Ci sono alternative alla rinascita dell'Opec?

Alberto Brambilla

L'Arabia Saudita e i suoi paesi alleati potrebbero nuovamente dominare la scena globale e tornare ad assumere il totale controllo del mercato petrolifero. La profezia di Bp e l'idea di una banca centrale del petrolio (by Descalzi).

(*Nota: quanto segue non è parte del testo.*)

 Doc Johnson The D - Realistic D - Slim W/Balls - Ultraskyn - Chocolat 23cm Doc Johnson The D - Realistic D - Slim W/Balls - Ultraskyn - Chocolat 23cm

L'Arabia Saudita e i suoi paesi alleati nel cartello degli esportatori di petrolio, l'Opec, potrebbero nuovamente dominare la scena globale e tornare ad assumere il totale controllo del mercato petrolifero, recuperando un'influenza che appariva perduta causa dissidi interni, già a partire dall'anno prossimo.

 

La profezia pubblicata ieri dal colosso britannico Bp nel suo Energy Outlook 2015 si basa sul rallentamento della crescita produttiva dei pozzi di shale oil e shale gas americani. In parte il boom degli idrocarburi estratti dalle rocce di scisto è causa del declino dei prezzi del greggio degli ultimi sei mesi, la decisione dell'Opec di novembre di non tagliare la produzione ha acuito il malessere dei mercati. Entro il 2035, dice Bp, i dodici paesi esportatori torneranno a controllare il 40 per cento della produzione mondiale, ripristinando lo status quo.

 

La previsione della prima compagnia britannica restituisce all'Opec una capacità decisionale sulle sorti del mercato petrolifero che sembrava andare scemando e si confronta con diverse teorie emerse in questi mesi di ribassi per ovviare a una ciclica destabilizzazione dei prezzi, con repentini ribassi e lunghe risalite, che costringe le aziende produttrici ed estrattrici a modificare piani di investimento pluriennali.

 

L'amminitratore delegato dell'Eni, Claudio Descalzi, aveva parlato ad esempio di una "banca centrale del petrolio", ovvero una camera di concertazione tra grandi produttori pubblici e privati, per tenere il più possibile stabili i prezzi. L'idea lanciata da Descalzi al World economic forum di Davos, poi riprosta alla John Hopkins Univeristy a Washington, sembra prendere le mosse da un'idea del suo predecessore, Paolo Scaroni, il quale parlò di un mercato petrolifero regolato alla stregua di quello elettrico (un "new deal" lanciato a Ryad capitale dell'Arabia Saudita). L'idea basilare è di garantire la stabilità dei prezzi.

 

"Abbiamo bisogno che ci sia, ogni volta che si crea uno squilibrio tra domanda e offerta, una sorta di banca centrale, come avviene per i mercati finanziari, delle entità che parlando tra di loro creino stabiltà. Questo è un discorso abbastanza provocatorio forse ma innovativo", ha detto Descalzi.

 

L'idea, non definita nei dettagli, pare finora non avere convinto tutti gli addetti ai lavori, come dimostra lo studio di Bp.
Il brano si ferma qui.